Skip the pictures. Output only the lines below starting at the line with "エクセル市川の居間・リビング" and ending at the line with "Baklukedemper høyre til", both ends included, exactly as they are.

* [Input data]
···

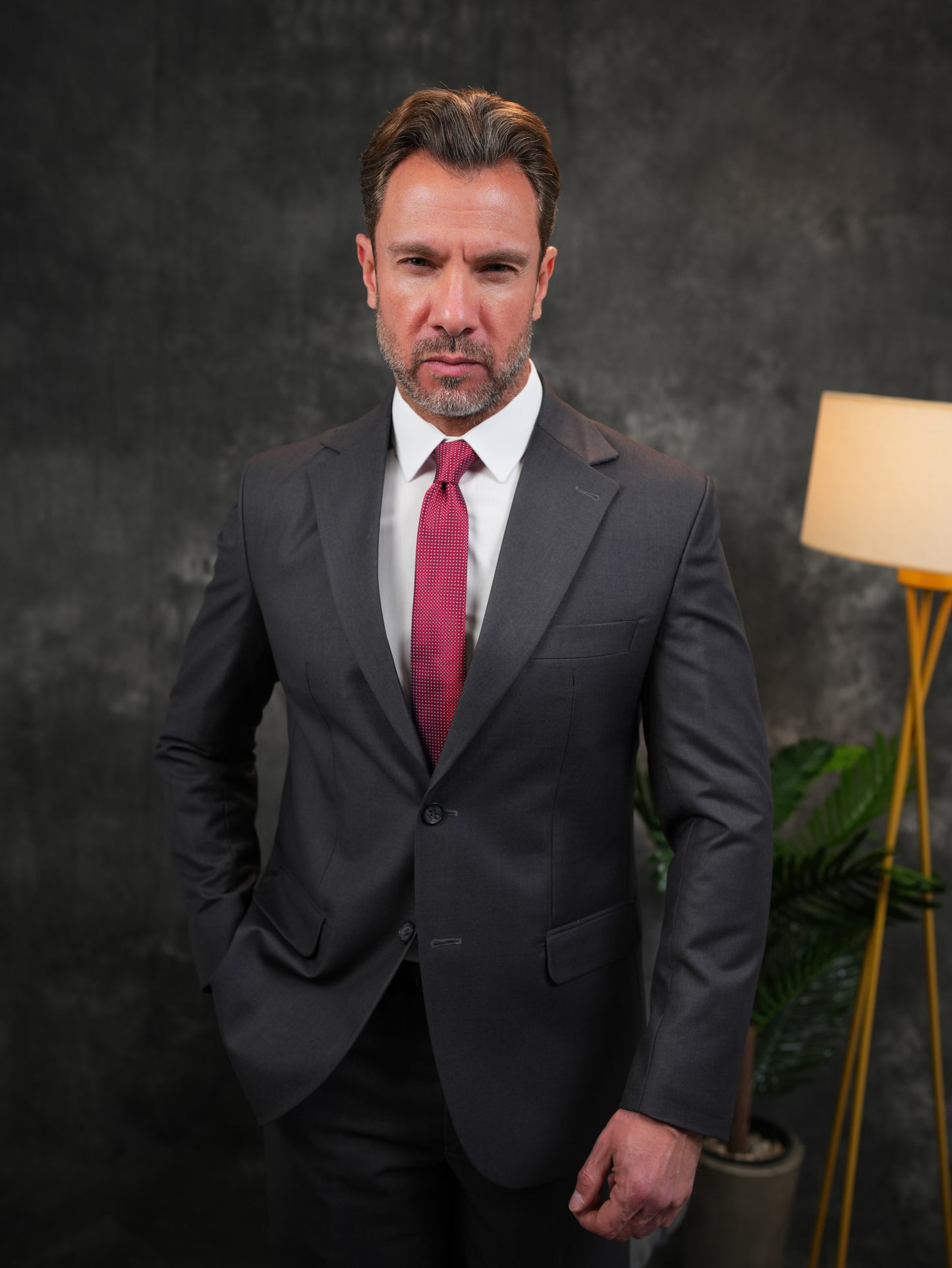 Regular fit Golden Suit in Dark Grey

···

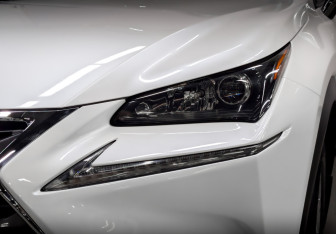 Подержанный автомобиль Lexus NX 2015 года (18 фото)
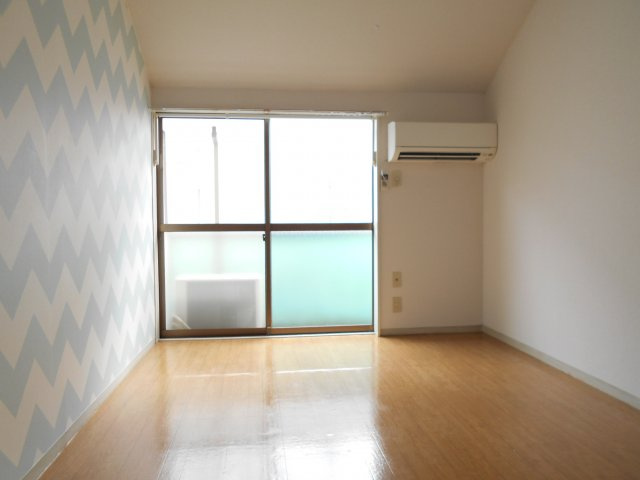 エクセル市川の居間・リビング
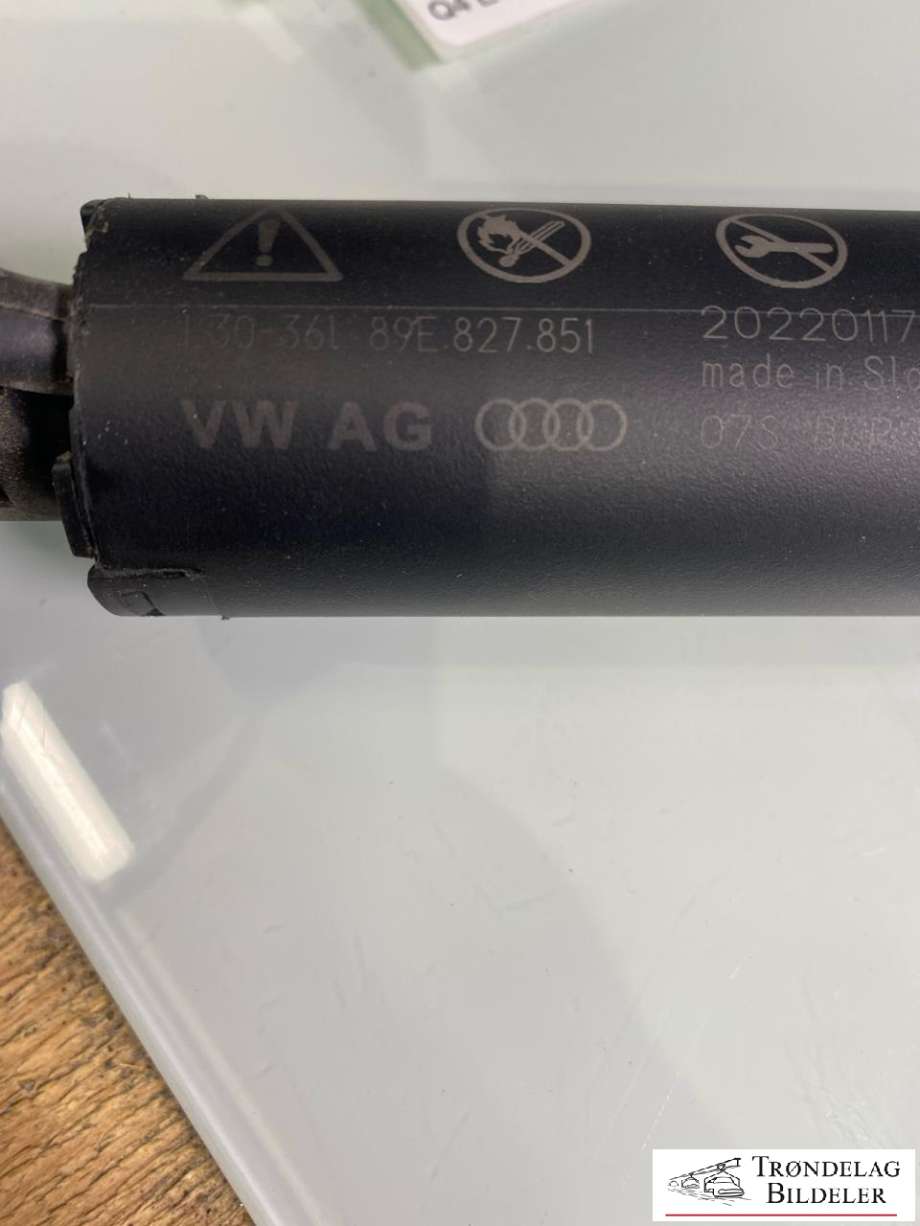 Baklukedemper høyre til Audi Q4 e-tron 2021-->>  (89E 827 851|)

···

* [Written response]
 エクセル市川の居間・リビング
 Baklukedemper høyre til Audi Q4 e-tron 2021-->>  (89E 827 851|)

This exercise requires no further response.